Die Hinterbliebenen der Opfer erhoffen sich Gewissheit: Wie konnte es zu der Katastrophe bei der Loveparade kommen? Ein Prozess soll ihre Fragen klären. Die Staatsanwaltschaft stellt nun sechs Mitarbeiter der Stadt und vier Vertreter des Veranstalters vor Gericht.

Die Staatsanwaltschaft Duisburg will nach der Loveparade-Katastrophe zehn mutmaßlich Verantwortliche vor Gericht stellen. Sie wirft ihnen unter anderem fahrlässige Tötung und fahrlässige Körperverletzung vor, wie Behördenleiter Horst Bien sagte. Zu den Angeklagten zählen auf Seiten des Veranstalters Lopavent vier Mitarbeiter, auf Seiten der Stadt Duisburg sechs Mitarbeiter. In dem jetzt abgeschlossenen Verfahren war einst gegen 16 Beschuldigte ermittelt worden.

Bei der Loveparade vor mehr als dreieinhalb Jahren war eine Massenpanik ausgebrochen, bei der 19 junge Menschen erdrückt oder zu Tode getrampelt wurden. Zwei weitere starben später im Krankenhaus. Mehr als 500 wurden verletzt.

Den Ermittlungen zufolge waren die Zu- und Abgänge zum Loveparade-Gelände für solche Menschenmengen ungeeignet. Die Planer der Veranstalter hätten erkennen müssen, dass das Sicherheitssystem versagen und lebensgefährliche Situationen entstehen würden, sagte der Staatsanwalt.

"Wir brauchen endlich diesen Prozess"

Nicht angeklagt werden der Geschäftsführer der Veranstalterfirma Lopavent Rainer Schaller sowie der damalige Duisburger Oberbürgermeister Adolf Sauerland.
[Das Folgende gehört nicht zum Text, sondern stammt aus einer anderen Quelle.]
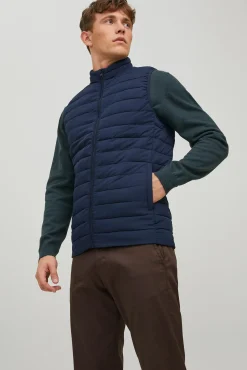 Jack & Jones Chaleco Puffer Navy Clearance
Sauerland überlebte die Affäre politisch nicht: Eine Bürgerinitiative setzte eineinhalb Jahre nach der Tragödie seine Abwahl durch.
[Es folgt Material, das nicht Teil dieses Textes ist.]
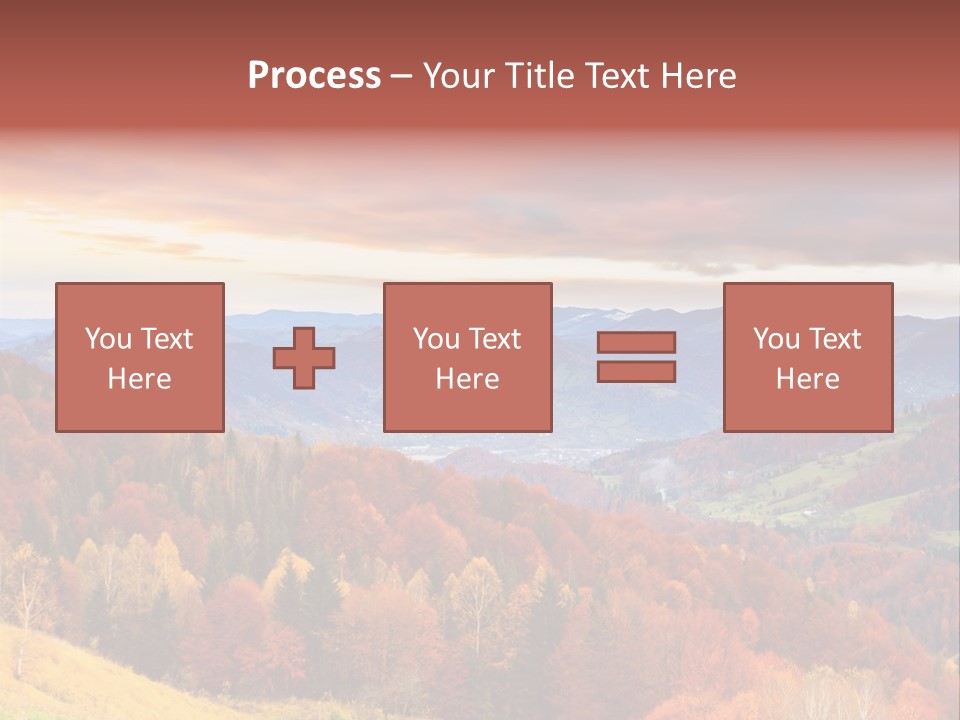 Meadow Beautiful Golden PowerPoint Template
Der Anwalt Julius Reiter hatte mit Blick auf die Anklage-Erhebung gesagt, er spüre "Erleichterung, dass die Hängepartie beendet ist". Reiters Kanzlei vertritt nach eigenen Angaben 100 Loveparade-Geschädigte. Manfred Reißaus, der bei dem Unglück seine Tochter verloren hat, betonte: "Wir brauchen endlich diesen Prozess, um am normalen Leben wieder teilzunehmen."

Der Kriminologe der Bochumer Ruhr-Universität und Anwalt des Vaters einer getöteten Studentin, Thomas Feltes, verwies auf die Grenzen eines Strafprozesses. Die strafrechtliche Zurechnung individueller Schuld halte er für schwierig, sagte er. Er habe aber die Hoffnung, dass mit der Vernehmung vieler Zeugen eine möglichst breite Aufklärung erreicht werden könne.

Die nordrhein-westfälische Landesregierung hat sich zunächst nicht zu der Anklage-Erhebung geäußert. Der für die Polizei zuständige Innenminister Ralf Jäger hatte sich nach der Loveparade-Katastrophe schützend vor seine Beamten gestellt.